I’ve attended enough weddings at this point to come to the happy conclusion that love is not rare. How people come to find each other, how they recognize that their independent lives would grow richer with the graft of their beloved’s life and leap on that faith, and that their mutual priority is to build a life together, that is always unique to the people being celebrated in fields and tents and city halls and beaches and other places made holy with love on any given weekend. But that is not the sum and total of love—love itself is the biggest and grandest and most diverse thing we can find and share and abet in this world.
Similarly, all of the predictable and traditional tripe of graduation speeches and rituals would have you believe that the path of how to be in the world only unfolds for you at eighteen and twenty-two, that only then can you come into the world and make of it what grows from its reality and your dreams.
We, too often, come to mistake the rituals for the thing. We think, perhaps, that our slates cannot be cleaned, that we cannot start again as new graduates do. We forget that weddings are only one very public example of how the love in the air can be grabbed hold of, how a life can be built on love. “There are more things in Heaven and Earth,” says Hamlet—a prime example of a desperate Romantic trying to practically follow his heart through the mess of being human—“than are dreamt of in your philosophies.”
I worry about how stuck we get in our philosophies, in our culturally narrowed ideas of what life “should” look like and be. If you believe mainstream cultural influences—and they are perniciously hard to avoid—marriage is the one and truest expression of love, opportunity and adventure and new beginnings are exclusively for graduating students.
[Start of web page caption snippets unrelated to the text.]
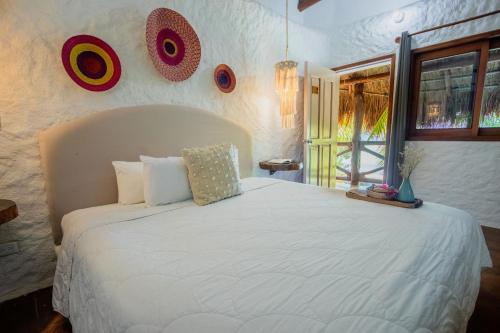 Ein Bett oder Betten in einem Zimmer der Unterkunft Las Nubes de Holbox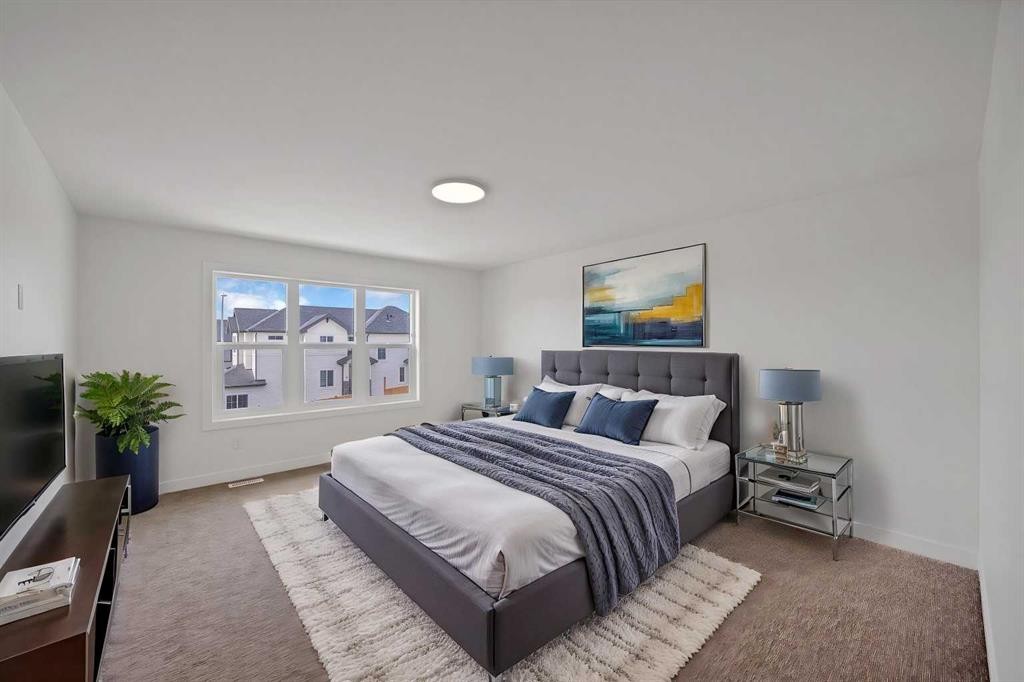 82 Heritage Circle, Cochrane, AB - Indoor Photo Showing Bedroom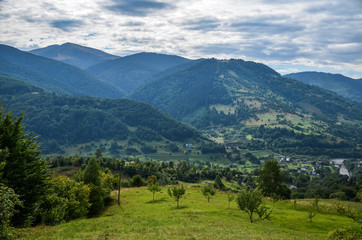 Fototapeta na wymiar Beautiful panorama of the Carpathian village against backdrop of scenic mountains, where the highlanders live Hutsul. Wild forests, fields pastures, Ukraine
We dangerously break our own hearts and wall up our souls with such little thoughts and static ways of being.
When you take the time to behold the sunset, the phases of the moon, the crisscross journeys of the stars, the tides, the sunrise, all that thrums with birth and life and death in the living world, it becomes beautifully clear that new beginnings, new opportunities, are as common and lovely as dirt. When you look at all the different ways in which people live—and I believe that our deepest loves root and dictate how we spend our precious time, and so how we are in the world is fused to how we make our days and lives—then it becomes clear that love is more common than oxygen, and just as unremarked on, often.
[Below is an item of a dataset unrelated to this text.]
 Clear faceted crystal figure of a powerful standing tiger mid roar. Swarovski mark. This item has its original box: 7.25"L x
I’ve been thinking of love, lately, as something that you could reach out and catch with your hands, hold and twist and shape as you see fit. We swing from one sure handful of love across abysses to the next with not much explicable certainty. I believe love is a force to be interacted with, not to be passively waited for. It is the “Dust” of Phillip Pullman’s novels, strands of energy running through our lives that we can make what we will out of. The combination of such common material with the amazing multitudes we each contain is too potent an opportunity to be ignored or limited in whose turn it is to take part. We are all, to borrow from Hamlet again, quintessences of dust.
And boundlessly so, if we can remember that, live into our best understandings of what that means.
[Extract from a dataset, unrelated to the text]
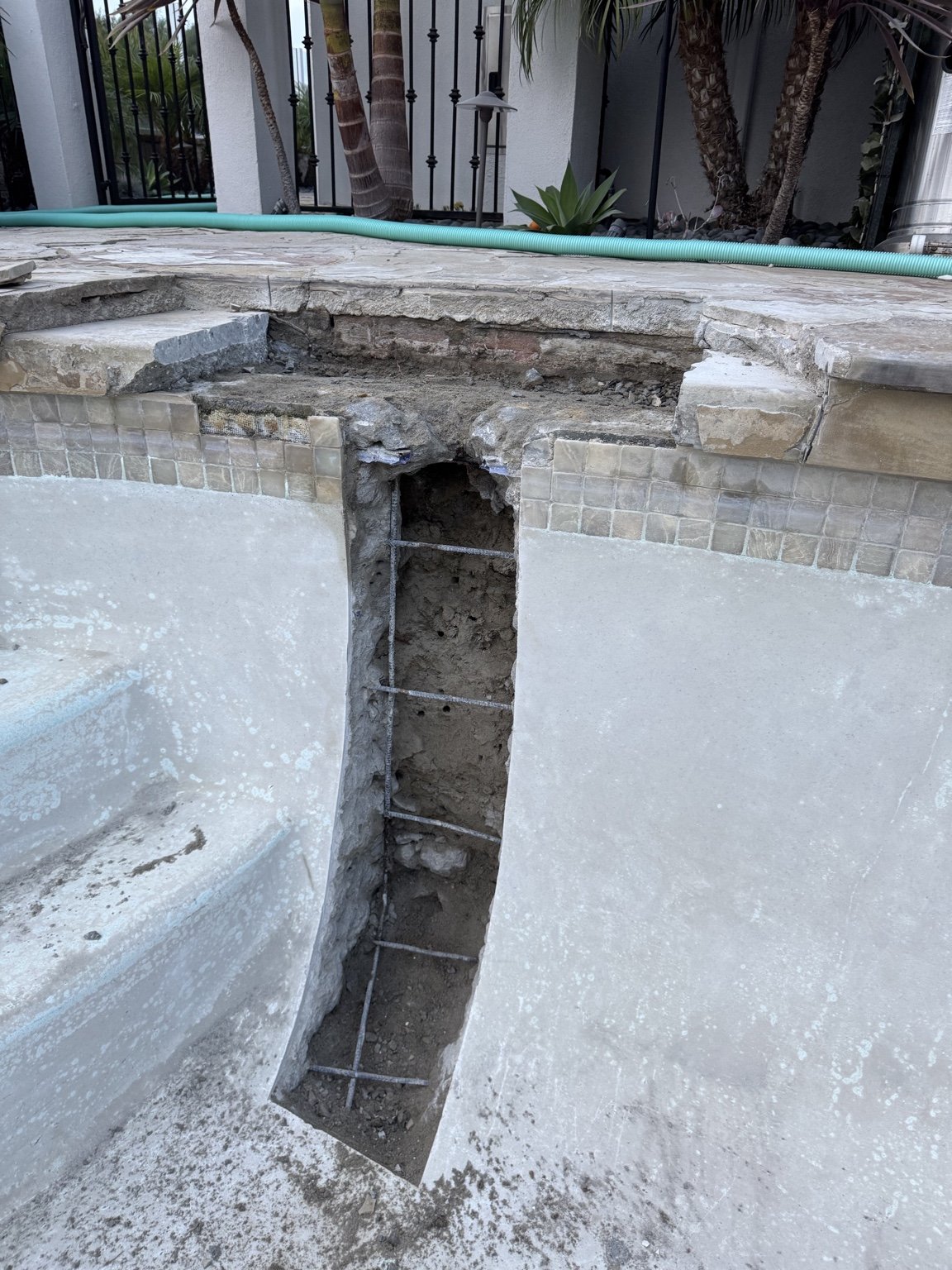 Structural swimming pool crack opened and reinforced with steel before reconstruction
Farming is teaching me more about patience and cycles and transitions than anything I may have ever done before. I see, almost daily, how the labor of my body—led by the love in my heart for the world and my place therein—interacts with the plants in the ground. On Friday, I pounded tomato stakes, hoed potatoes, weeded chard, broccoli and kale, helped uncover beds and beds of cabbage, ate the fruits of last year’s harvest for lunch with the farm team, hoed squash and cucumbers and basil, hand weeded dill, listened to the plans made for the coming weeks, and cleaned the tools at the end of the day. While I worked, I thought of the students I knew who graduated that day and stepped into the world for the first—not last or only—time, I thought of my wonderful and wise sister whose birthday it was, I thought of the friends whose wedding was the next day and all the people I love who would be witnesses to the ceremony and celebration, and was overwhelmed by the dynamic opportunities for being amalgams of love and dust and labor abounding in even a single second of life in this world.
There is always time start again with how you want to be in the world. And to open your eyes and heart to the love and potential that stem from and surround us all. The world will not pass by those who act on the love to be part of it all, at any age, in any month, of any year.